Each square contains two numbers enclosed in a rectangle, representing the bottom layer of the cake. Some also contain the first factor on the outside of the cake, while subsequent squares do not. For example, the first two numbers in the rectangle could be 50 and 40 with a factor of 2, while another square only lists the numbers 36 and 64, inviting students to come up with the first factor on their own.

Each square contains extra room where they can write all the layers of the cake, along with a space at the bottom where they can write the GCF. Each page starts with an example that contains all the numbers and the GCF to help students get started.

The Birthday Cake Method is a fun way for students to practice finding the greatest common factor because they don't have to choose specific factors in any order. For example, when finding the GCF for 32 and 44, students don't have to try 4 right away. Instead, they can use a factor of 2 and then see that 2 can be used again to get a GCF of 4.
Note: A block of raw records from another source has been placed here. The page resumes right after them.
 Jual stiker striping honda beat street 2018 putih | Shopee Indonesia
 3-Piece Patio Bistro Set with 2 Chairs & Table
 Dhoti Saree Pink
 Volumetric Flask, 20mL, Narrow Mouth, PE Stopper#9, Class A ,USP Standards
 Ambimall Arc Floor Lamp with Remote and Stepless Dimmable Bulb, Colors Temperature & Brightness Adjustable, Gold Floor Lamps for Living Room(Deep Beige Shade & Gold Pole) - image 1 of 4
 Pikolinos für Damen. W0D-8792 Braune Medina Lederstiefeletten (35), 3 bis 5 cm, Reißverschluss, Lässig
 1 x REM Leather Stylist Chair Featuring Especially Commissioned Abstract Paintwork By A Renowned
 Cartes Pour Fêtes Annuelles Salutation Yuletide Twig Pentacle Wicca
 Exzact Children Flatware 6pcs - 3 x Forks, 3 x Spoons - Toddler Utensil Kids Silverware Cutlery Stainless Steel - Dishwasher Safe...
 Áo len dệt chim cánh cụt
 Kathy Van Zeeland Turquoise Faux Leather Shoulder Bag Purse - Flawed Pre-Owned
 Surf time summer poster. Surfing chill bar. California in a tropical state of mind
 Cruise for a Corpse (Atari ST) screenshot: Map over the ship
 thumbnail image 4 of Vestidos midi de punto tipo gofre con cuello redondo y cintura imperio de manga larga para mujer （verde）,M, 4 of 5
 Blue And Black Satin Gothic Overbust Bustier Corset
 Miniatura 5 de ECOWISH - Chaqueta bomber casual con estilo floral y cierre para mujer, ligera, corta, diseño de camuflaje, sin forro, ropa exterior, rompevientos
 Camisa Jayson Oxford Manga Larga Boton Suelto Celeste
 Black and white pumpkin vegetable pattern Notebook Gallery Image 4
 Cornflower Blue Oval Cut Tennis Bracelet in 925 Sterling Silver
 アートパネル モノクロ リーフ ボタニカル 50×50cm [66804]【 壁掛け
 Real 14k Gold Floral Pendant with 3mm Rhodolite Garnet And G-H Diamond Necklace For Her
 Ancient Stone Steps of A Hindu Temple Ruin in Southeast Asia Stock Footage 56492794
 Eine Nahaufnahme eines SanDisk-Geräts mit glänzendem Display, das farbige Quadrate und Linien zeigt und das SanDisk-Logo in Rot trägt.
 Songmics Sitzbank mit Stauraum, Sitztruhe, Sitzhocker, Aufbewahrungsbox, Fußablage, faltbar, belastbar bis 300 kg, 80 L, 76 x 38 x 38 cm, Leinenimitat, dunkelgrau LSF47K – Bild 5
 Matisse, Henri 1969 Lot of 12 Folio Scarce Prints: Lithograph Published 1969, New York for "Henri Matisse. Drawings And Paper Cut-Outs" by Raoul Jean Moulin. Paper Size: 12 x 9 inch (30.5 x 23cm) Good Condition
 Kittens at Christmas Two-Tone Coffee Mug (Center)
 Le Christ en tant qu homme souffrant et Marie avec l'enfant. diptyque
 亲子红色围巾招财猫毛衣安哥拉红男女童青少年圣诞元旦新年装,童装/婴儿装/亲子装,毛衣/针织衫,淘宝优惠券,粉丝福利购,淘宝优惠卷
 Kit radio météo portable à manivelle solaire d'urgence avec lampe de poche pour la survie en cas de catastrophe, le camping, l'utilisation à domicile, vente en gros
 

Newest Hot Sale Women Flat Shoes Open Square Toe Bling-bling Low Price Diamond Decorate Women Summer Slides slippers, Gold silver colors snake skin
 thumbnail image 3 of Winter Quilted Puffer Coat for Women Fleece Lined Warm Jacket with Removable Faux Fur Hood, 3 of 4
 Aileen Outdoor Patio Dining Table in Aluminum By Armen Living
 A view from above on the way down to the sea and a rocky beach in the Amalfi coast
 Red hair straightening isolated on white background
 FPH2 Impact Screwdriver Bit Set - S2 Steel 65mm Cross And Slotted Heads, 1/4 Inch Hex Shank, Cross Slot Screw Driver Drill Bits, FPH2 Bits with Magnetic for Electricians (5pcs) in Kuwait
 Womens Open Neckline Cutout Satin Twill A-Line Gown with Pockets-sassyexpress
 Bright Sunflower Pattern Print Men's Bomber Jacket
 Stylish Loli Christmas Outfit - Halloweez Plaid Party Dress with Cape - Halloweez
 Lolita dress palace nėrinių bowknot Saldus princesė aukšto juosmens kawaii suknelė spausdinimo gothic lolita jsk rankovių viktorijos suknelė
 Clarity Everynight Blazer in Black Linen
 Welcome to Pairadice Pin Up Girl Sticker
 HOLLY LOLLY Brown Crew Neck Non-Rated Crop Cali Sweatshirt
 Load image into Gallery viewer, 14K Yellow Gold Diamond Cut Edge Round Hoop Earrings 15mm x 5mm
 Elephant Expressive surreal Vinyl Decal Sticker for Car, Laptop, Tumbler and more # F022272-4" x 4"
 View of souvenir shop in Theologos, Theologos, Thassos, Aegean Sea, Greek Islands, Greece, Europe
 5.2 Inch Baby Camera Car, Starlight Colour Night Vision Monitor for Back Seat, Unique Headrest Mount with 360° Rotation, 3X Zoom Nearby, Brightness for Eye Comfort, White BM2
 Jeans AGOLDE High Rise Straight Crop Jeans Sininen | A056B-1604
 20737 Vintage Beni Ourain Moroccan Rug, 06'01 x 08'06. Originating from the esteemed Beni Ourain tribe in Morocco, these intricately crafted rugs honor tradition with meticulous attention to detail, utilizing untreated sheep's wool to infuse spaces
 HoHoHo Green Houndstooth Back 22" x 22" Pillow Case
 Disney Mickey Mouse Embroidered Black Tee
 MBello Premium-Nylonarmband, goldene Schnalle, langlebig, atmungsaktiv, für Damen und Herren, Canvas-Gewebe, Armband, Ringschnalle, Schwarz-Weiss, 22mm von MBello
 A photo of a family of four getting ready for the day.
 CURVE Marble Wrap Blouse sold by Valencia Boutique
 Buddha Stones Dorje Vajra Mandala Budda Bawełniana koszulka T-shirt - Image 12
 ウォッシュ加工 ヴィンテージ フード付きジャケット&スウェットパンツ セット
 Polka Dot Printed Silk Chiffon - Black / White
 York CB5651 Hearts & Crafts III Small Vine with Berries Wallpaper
It's a good idea to provide students with scrap paper or extra space on a worksheet where they can write out division problems, if needed. If you want to encourage students to use mental math, choose smaller numbers that are relatively easy to divide mentally. For example, both 60 and 80 can be divided by 2 and 10 mentally. If you want to use larger numbers, students can also practice using a calculator to find and fill in answers. This activity also supports broader questions about divisibility, like talking about how you know if a number is divisible by certain numbers, like 2, 5, and 10.